Book Trade Peace Prize to historian of Holocaust
At the close of the Frankfurt Book Fair, the German book trade will present its 25,000-euro annual peace prize to Saul Friedlaender, a historian of the Holocaust.
The 74-year-old, French-educated, Israeli academic is being honoured for "restoring the stolen dignity of the victims of the Holocaust, a recognition of which is the basis of peace."
The annual prize, instituted in 1950, is Germany's most prestigious literary award, though strictly speaking it does not honour writing, but rather contributions to the spirit of peace through literature, scholarship or art.
The October 14 ceremony in a Frankfurt historic monument, the Church of St Paul, will be attended by top German government figures.
When it announced its choice, the prize committee said Friedlaender was an "epic storyteller" of the persecution of the Jews under the Nazis who, having lived through the Holocaust himself, refused to describe it in distant terms.
"He precisely describes the classic triad of violence: the attackers and their obsessions, the victims and their despair and the silent majority of witnesses and their shock," the committee said.
Professor Friedlaender was born in the Czech capital Prague in 1932. His Jewish family took refuge in France and he attended a Catholic boarding school.
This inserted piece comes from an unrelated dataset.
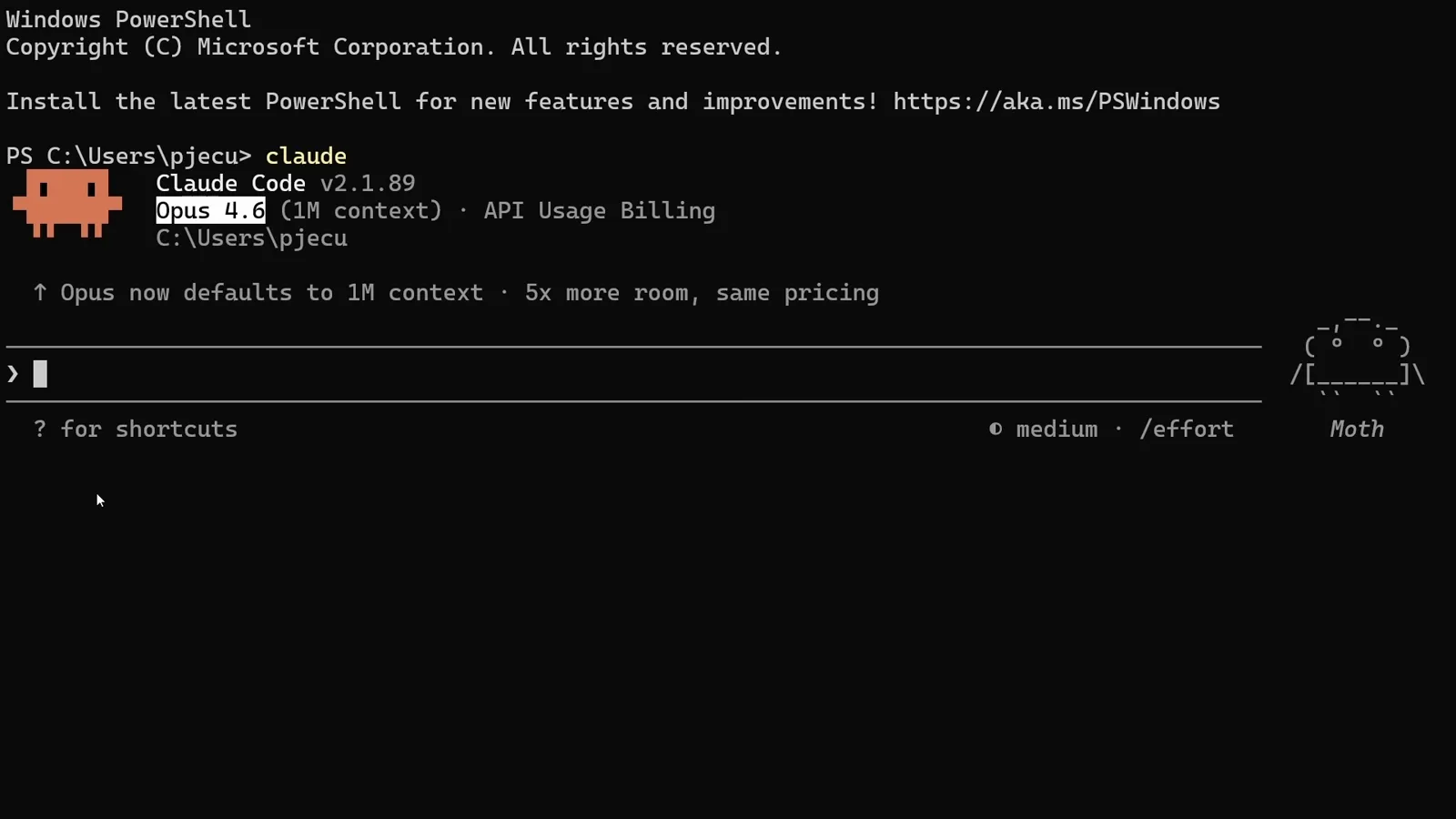 Claude Code welcome screen showing Opus 4.6 with 1M context as the mapped model name while requests are actually served by deepseek-v4-pro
His parents were imprisoned in France and killed by the Nazis, probably at Auschwitz.
He has written a major two-volume study of the Holocaust and since his retirement has lived mainly in Los Angeles.
The peace prize, which is administered by the Boersenverein, the association of German publishers and booksellers, has been awarded in the past to figures such as Nigerian writer Chinua Achebe (2002) and Turkish novelist Orhan Pamuk (2005).